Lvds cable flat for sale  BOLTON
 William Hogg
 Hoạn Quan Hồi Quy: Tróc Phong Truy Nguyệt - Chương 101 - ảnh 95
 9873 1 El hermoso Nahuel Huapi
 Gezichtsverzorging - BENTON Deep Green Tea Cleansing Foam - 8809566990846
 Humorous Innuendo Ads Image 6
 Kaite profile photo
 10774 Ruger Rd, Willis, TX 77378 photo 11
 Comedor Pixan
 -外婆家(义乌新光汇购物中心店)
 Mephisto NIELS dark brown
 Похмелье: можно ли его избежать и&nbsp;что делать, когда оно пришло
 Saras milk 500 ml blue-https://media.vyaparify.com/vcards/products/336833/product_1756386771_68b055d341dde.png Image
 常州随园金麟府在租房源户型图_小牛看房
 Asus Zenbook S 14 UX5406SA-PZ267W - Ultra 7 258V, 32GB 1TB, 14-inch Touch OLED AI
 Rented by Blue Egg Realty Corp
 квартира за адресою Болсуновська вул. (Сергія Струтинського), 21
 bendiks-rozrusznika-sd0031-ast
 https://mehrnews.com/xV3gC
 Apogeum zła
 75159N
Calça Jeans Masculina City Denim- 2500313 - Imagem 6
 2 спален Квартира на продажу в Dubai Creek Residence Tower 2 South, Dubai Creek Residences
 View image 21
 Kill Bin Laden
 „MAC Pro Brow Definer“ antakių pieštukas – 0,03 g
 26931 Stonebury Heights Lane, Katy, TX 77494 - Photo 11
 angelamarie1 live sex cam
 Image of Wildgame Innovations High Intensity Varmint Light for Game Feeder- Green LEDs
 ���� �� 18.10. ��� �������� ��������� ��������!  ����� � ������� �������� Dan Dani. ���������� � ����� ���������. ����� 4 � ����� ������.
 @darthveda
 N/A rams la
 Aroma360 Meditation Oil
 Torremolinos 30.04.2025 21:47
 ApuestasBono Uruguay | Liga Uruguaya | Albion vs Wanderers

※

__Task goal__.
Search the data for the string "Green" and copy each line where it appears.

__Task result__.
 Gezichtsverzorging - BENTON Deep Green Tea Cleansing Foam - 8809566990846
 Image of Wildgame Innovations High Intensity Varmint Light for Game Feeder- Green LEDs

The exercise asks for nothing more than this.